Deregulation is the removal or relaxation of regulations or restrictions, usually in a particular industry. In the case of the energy industry, deregulation means consumers will have the ability to choose who supplies the energy used in their home or business.
Supply and Distribution
Your energy service is broken up into two parts, supply and distribution (or delivery). In the past, the price of electricity and natural gas was state-regulated, and your local utility company provided both supply and delivery. Now consumers may choose their electric and natural gas suppliers, while retaining their current utility companies to deliver the energy over their existing networks of pipes and wires. The utilities typically continue to bill for service, maintain the distribution network, and provide emergency service and customer care.
Alternative Energy Supplier
In New York State, alternative energy suppliers are referred to as ESCOs. This is an acronym for “Energy Service Company”. In other states an alternative energy supplier may be referred to as a “REP”, (Retail Energy Provider), a “TPS” (Third Party Provider), an “EGS” (Electric Generation Supplier), an “NGS” (Natural Gas Supplier), a “CRES Provider” (Competitive Retail Electric Service Provider), a “CRNGS Provider” (Competitive Retail Electric Service Provider), an “AGS” (Alternative Gas Supplier), or an “ARES” (Alternative Residential Electricity Supplier).
Production of electricity from a power plant.
Kilowatt-hour (or kWh)
Unit of measure of electricity use over a period of time. For example, ten 100-watt light bulbs operated for one hour consume one kilowatt hour (kWh) of electricity.
Therm (or CCF)
A therm is a unit of heat energy equal to 100,000 British Thermal Units (BTUs). It is approximately the energy equivalent of burning 100 cubic feet (often referred to as 1 CCF) of natural gas.
Public Utility Commission (PUC), Public Service Commission (PSC), Board of Public Utilities (BPU), Illinois Commerce Commission (ICC)

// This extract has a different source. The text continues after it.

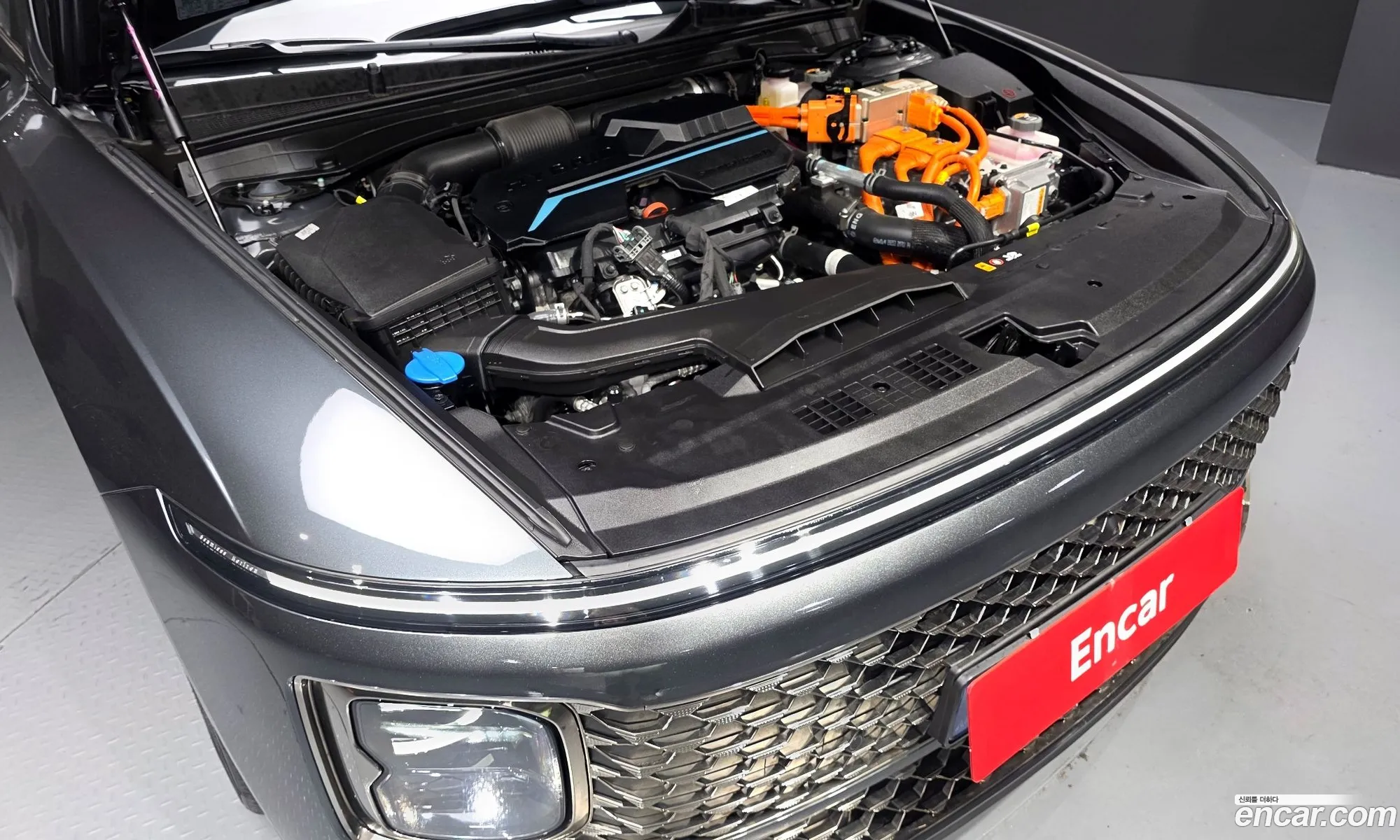 Hyundai Grandeur Hybrid 2023 — 7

These are all examples of state regulatory agencies that regulate the energy industry.
Regulated Energy Market
In the typical regulated energy market, a utility company owns the infrastructure that stores and distributes the electricity and natural gas, such as the transformers, poles, and wires and pipelines. That same utility company is also responsible for procuring the electricity and natural gas, selling it to you, and distributing it to your home.
Organic matter including wood, agricultural crops, and crop residue that can be burned to produce energy.
Renewable (or Green) Energy
Energy generated from sources that are naturally replenished without harming the environment. Examples are hydropower, wind, solar, geothermal, or biomass.